◆ **Brief**
Working from the listing below, pick each line containing the word "Rear" and copy it.

═══ Data supplied

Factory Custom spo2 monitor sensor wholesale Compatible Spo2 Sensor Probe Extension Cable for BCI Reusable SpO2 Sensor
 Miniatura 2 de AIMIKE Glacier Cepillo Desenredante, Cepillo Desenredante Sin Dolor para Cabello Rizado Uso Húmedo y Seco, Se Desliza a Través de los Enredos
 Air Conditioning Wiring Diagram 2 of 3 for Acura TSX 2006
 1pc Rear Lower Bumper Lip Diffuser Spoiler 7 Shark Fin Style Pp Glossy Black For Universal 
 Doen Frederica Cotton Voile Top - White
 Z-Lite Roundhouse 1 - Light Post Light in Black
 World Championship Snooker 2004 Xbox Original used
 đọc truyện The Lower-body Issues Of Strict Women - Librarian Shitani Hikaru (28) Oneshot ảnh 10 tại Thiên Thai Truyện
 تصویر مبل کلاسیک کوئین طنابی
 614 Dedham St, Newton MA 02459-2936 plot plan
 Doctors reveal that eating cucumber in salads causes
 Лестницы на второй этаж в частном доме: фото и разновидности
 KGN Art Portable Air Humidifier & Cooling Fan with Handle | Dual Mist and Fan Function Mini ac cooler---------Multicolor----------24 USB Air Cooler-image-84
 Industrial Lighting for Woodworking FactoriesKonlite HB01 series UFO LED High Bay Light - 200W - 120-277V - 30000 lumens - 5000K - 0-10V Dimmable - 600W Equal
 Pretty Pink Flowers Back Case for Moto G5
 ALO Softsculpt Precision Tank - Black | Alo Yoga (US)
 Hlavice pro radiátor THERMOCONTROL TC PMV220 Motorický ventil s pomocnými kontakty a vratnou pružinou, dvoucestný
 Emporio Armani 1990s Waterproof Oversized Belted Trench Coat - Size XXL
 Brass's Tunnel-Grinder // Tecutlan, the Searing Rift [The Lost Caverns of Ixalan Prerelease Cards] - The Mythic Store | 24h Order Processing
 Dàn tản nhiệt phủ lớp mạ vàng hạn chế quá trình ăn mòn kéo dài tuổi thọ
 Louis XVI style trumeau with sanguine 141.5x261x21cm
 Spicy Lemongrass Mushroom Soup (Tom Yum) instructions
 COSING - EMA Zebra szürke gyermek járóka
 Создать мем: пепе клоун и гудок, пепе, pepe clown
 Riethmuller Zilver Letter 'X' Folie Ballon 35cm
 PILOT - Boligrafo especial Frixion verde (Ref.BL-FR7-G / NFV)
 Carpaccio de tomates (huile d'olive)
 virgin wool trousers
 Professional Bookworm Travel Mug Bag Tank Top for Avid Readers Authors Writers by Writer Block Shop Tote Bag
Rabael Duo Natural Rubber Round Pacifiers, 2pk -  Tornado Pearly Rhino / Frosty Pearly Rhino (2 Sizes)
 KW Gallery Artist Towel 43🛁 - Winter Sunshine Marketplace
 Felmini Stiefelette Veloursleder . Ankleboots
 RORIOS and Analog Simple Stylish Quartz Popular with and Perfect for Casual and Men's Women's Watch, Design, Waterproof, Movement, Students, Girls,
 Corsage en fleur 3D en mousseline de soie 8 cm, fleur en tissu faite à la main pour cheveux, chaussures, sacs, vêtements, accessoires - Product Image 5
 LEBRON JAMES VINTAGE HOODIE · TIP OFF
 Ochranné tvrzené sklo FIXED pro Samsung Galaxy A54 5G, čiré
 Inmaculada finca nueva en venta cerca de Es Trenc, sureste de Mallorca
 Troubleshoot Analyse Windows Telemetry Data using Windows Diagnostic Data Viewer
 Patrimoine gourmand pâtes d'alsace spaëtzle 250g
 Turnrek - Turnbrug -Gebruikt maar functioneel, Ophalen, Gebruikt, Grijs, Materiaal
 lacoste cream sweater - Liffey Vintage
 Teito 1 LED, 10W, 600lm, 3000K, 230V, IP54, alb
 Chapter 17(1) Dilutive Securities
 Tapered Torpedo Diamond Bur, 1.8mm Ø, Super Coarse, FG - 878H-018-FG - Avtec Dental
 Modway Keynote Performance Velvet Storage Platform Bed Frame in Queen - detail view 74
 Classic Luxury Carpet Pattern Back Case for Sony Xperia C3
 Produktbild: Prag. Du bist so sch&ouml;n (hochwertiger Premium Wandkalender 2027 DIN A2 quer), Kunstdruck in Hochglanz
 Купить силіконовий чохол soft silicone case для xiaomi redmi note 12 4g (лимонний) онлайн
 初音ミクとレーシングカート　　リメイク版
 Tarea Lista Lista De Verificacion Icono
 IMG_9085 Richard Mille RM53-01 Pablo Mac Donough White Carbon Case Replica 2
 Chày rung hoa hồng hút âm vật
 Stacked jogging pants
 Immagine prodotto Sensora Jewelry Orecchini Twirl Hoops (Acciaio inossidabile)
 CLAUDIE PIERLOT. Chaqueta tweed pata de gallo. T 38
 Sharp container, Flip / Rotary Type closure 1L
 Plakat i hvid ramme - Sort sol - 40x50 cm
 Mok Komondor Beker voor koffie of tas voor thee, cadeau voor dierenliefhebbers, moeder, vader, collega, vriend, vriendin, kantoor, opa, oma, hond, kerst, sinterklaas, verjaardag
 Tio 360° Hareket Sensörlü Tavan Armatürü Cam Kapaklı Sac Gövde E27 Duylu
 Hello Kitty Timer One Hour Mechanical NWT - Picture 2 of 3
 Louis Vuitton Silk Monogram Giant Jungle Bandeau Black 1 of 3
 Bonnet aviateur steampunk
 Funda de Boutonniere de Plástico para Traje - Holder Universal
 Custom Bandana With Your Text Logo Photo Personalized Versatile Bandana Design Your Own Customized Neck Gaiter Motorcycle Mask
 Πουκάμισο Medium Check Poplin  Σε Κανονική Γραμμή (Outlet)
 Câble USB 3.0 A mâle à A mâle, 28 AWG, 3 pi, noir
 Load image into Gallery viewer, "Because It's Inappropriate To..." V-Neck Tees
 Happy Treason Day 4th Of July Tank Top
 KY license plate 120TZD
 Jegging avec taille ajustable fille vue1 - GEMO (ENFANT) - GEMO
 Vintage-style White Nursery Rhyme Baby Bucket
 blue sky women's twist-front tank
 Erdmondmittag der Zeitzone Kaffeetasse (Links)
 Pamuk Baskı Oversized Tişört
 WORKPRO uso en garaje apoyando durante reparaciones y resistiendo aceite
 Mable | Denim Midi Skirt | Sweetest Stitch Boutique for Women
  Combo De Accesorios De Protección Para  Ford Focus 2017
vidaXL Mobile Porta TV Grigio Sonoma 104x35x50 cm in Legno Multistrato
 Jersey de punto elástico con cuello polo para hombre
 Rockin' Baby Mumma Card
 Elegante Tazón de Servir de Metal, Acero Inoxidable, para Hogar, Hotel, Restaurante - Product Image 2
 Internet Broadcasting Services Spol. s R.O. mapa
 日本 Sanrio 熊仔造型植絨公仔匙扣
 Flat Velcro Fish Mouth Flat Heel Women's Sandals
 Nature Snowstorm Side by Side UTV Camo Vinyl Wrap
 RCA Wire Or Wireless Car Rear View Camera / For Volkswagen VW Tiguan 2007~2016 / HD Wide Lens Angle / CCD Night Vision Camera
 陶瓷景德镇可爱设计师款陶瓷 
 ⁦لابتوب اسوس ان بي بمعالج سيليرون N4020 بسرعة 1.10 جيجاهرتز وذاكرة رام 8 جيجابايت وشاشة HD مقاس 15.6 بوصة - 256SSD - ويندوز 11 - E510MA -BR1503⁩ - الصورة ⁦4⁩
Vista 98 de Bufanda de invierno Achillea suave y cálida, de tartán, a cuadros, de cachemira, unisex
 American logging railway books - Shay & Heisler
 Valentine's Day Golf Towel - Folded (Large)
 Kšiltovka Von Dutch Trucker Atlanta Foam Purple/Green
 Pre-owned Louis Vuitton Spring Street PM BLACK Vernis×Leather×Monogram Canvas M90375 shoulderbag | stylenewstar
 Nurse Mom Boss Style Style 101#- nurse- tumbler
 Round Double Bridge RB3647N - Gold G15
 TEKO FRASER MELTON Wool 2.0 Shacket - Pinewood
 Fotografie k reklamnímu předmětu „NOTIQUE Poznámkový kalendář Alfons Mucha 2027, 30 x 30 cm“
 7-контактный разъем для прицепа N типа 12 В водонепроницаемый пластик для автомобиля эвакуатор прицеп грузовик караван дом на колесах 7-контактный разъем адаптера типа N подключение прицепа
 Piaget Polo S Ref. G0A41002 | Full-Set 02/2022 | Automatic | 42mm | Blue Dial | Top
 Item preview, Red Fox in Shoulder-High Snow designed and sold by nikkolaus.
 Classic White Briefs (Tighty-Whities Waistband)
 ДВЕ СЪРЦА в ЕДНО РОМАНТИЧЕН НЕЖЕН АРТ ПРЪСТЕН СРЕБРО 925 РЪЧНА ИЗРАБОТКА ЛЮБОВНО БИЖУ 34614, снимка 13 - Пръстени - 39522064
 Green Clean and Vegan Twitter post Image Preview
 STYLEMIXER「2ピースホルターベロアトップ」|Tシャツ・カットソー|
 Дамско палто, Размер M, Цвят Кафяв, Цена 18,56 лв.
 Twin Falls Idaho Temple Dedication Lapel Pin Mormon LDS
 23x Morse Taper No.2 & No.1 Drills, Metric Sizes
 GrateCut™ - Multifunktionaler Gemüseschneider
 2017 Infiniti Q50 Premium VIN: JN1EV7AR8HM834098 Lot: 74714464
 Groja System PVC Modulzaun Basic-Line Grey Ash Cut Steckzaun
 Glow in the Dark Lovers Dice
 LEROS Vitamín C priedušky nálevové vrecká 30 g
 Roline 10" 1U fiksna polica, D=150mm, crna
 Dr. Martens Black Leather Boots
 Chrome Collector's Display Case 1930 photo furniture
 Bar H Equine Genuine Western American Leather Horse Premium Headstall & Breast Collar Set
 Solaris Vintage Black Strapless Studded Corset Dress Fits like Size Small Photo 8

══════

◆ **Reply**
 1pc Rear Lower Bumper Lip Diffuser Spoiler 7 Shark Fin Style Pp Glossy Black For Universal 
 RCA Wire Or Wireless Car Rear View Camera / For Volkswagen VW Tiguan 2007~2016 / HD Wide Lens Angle / CCD Night Vision Camera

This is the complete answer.